Given material
>>>>
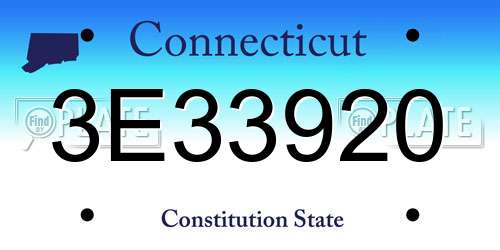 3E33920 Connecticut License Plate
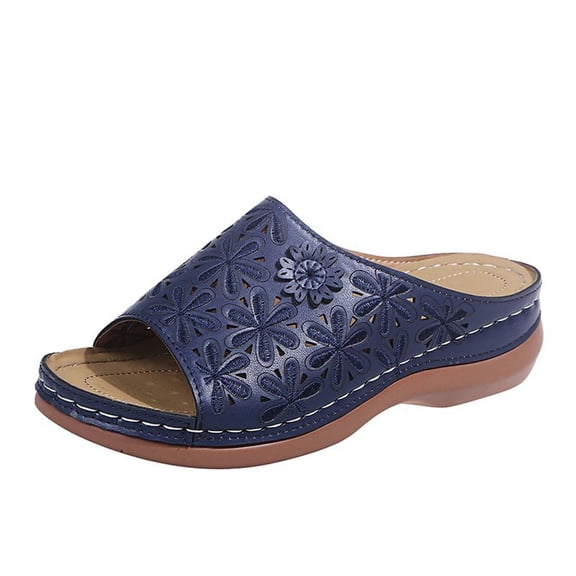 gakvbuo Summer Slippers For Women Indoor And Outdoor Wide Walking Outdoor SlippersSummer Ladies Embroidered Sandals Casual Footwear Casual Roman Slippers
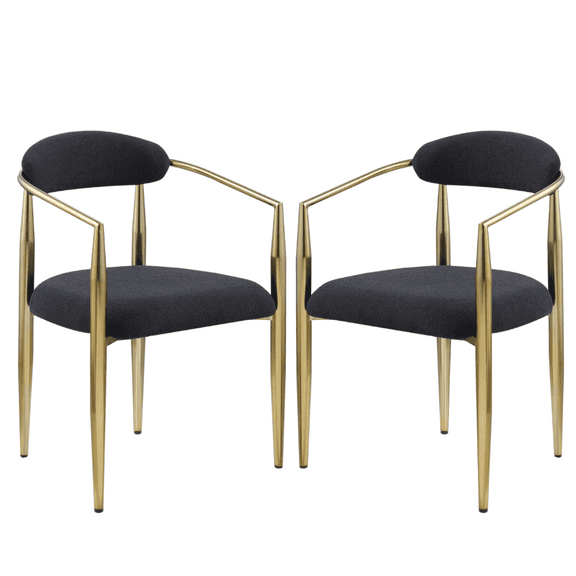 Tcbosik 2 Pack Dining Chairs, Modern Fabric Upholstered Kitchen Side Chairs with Metal Legs for Small Space, Easy Assembly, Gold & Black
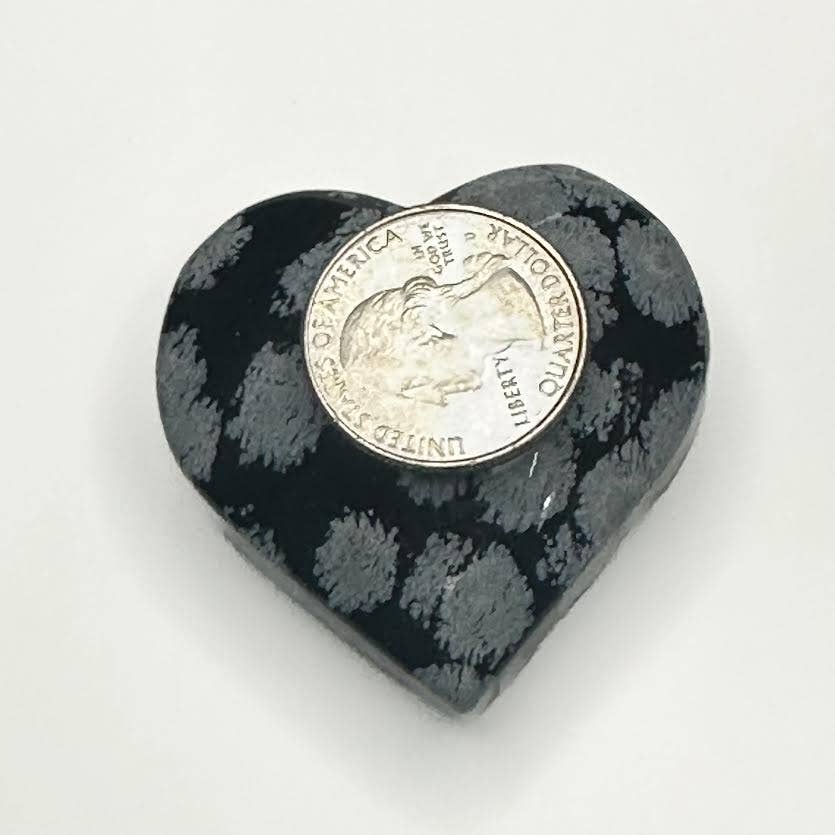 Snowflake Obsidian Heart - 1 pc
<<<<
Work order
An unchanged copy of the data, images excluded, is all that should be given.

Task answer
 3E33920 Connecticut License Plate
 gakvbuo Summer Slippers For Women Indoor And Outdoor Wide Walking Outdoor SlippersSummer Ladies Embroidered Sandals Casual Footwear Casual Roman Slippers
 Tcbosik 2 Pack Dining Chairs, Modern Fabric Upholstered Kitchen Side Chairs with Metal Legs for Small Space, Easy Assembly, Gold & Black
 Snowflake Obsidian Heart - 1 pc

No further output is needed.